Les juristes de l'État nazi pensaient sérieusement que le droit international porté par la SDN était "juif", i.e. abstrait, statique et universaliste(1). Ils seraient sans doute sidérés de voir les juristes de l'actuel État juif aux prises avec des conventions et des résolutions de l'ONU pour opérer... le même finale. Oui, l'État-nation du peuple juif combat pour un droit international concret, dynamique et particulariste. Au diable le Völkerrecht, vive le Volks-Recht ! Soit le droit du seul peuple qui vaille... à conquérir son espace biblique. Aussi chercherait-on en vain un juriste de l'État juif qui ne vibre pas à cette maxime discriminante: « Est du droit ce qui sert le peuple juif. »
Aux fins de disqualification de certaines conventions et résolutions onusiennes, ces juristes patentés pourraient citer non sans ironie le Rousseau du Contrat : « Force ne fait pas droit » (2).
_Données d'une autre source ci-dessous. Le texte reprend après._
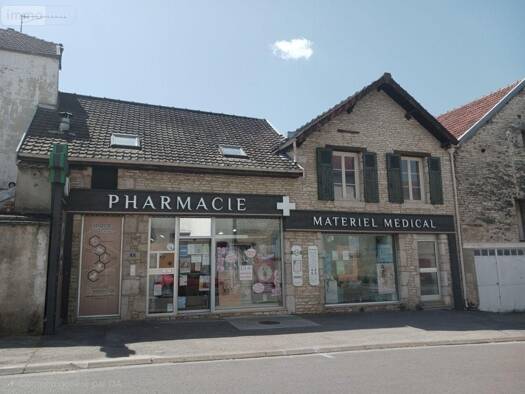 Local commercial à vendre 90 000 € 119 m² de surface de vente Mussy-sur-Seine 10250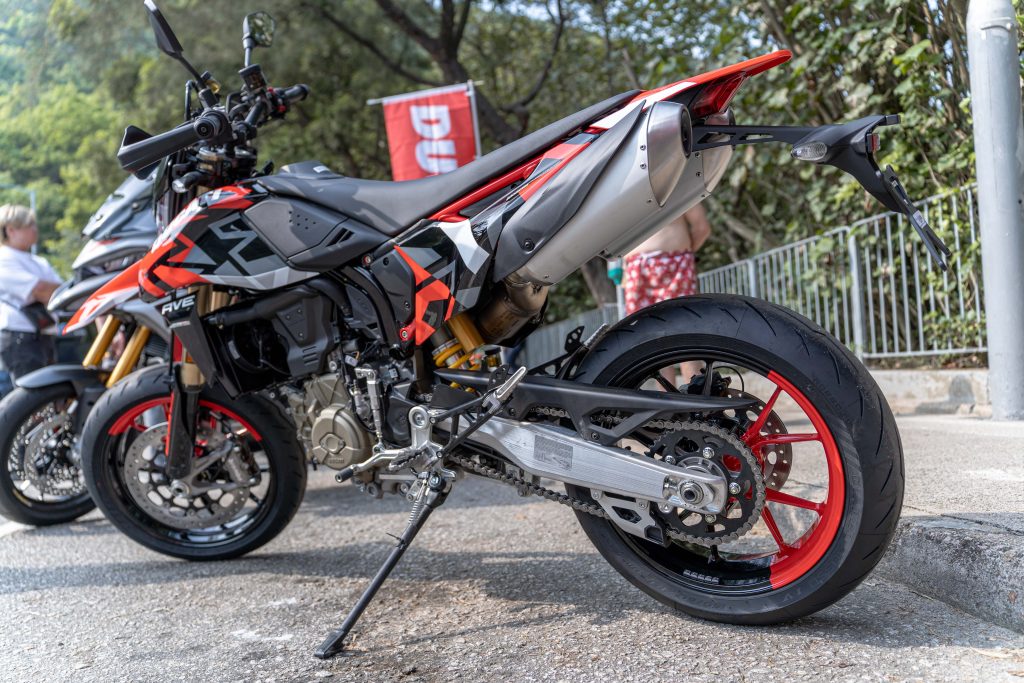 超過80匹馬力！史上最大馬力單缸滑胎車 DUCATI Hypermotard 698 Mono 登陸香港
Selon eux, la force ou plutôt le fait de la quatrième Convention de Genève (1949) et des Protocoles additionnels de 1977 ne fonde pas un droit légitime. Véritables voies de fait antisémites, ces "onuseries" violenteraient l'État juif - un pistolet tenu à bout portant, dirait l'autre - au mépris des principes élémentaires du droit (le consentement libre et éclairé des parties) et surtout au rejet de la nature même du droit qui n'est jamais induit du seul fait, d'un coup de force conjoncturel. La sacralisation par l'ONU de la simple factualité est donc à bannir : il n'est pas de droit vivant sans une possibilité effective de révision.
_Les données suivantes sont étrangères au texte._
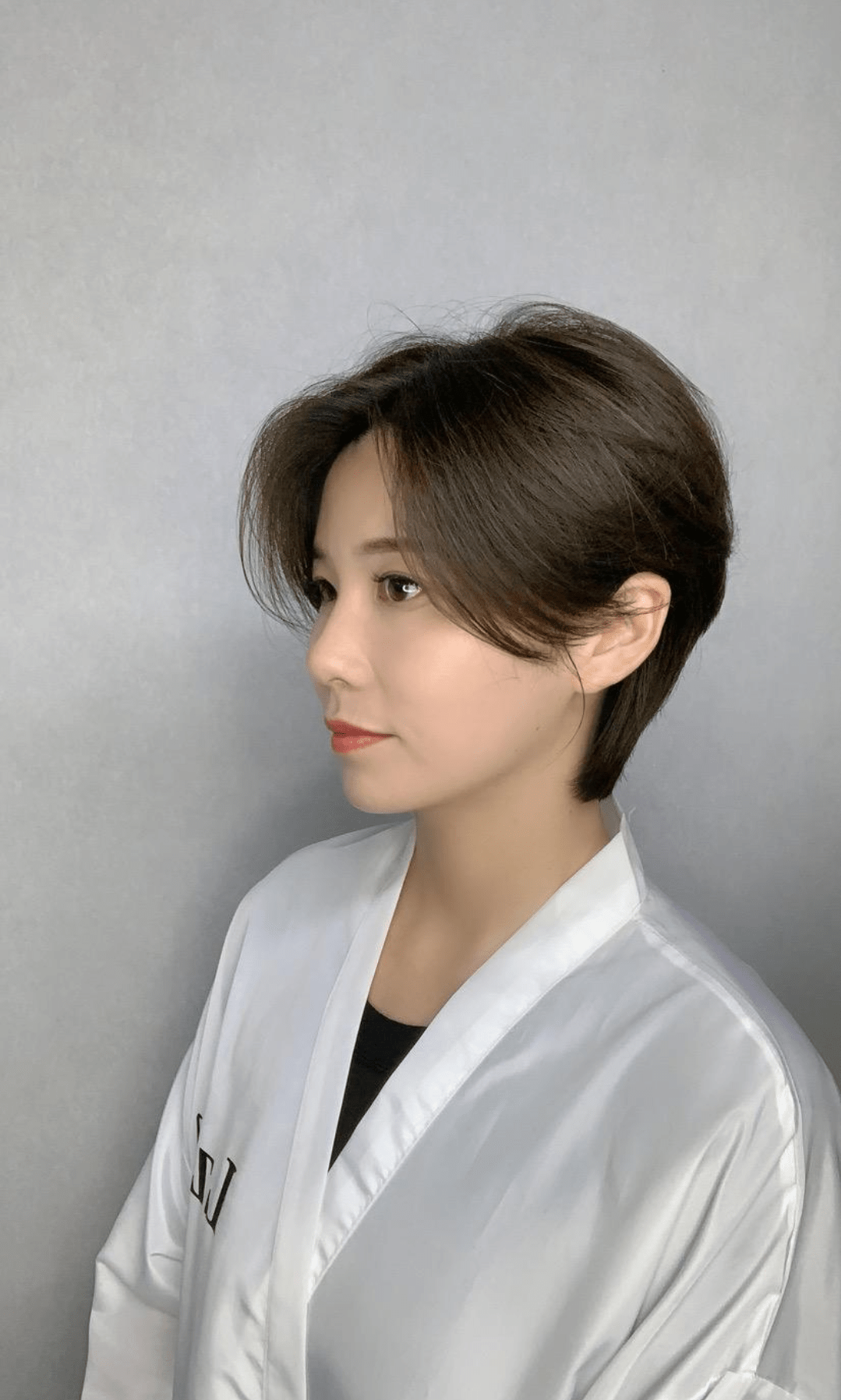 李宇春新狼尾短发解锁当下流行发型搭配红色风衣帅爆了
Les juristes de l'État juif doivent alors rappeler avec force que l'on n'invoque pas la maxime Pacta sunt servanda (« Il faut appliquer les traités ») sans cette clause : clausula rebus sic standibus (« les choses restant en l'état »). Depuis le fameux 7 octobre, il y aurait un contexte nouveau (sur-terroriste) en sorte que le droit international humanitaire doit être révisé pour être applicable. Car s'il n'est pas révisable, cui bono - à qui profite-t-il? Aux terroristes du Hamas, évidemment ! La rigidité du droit international onusien est donc contraire à la vie en général et à celle du peuple juif en particulier.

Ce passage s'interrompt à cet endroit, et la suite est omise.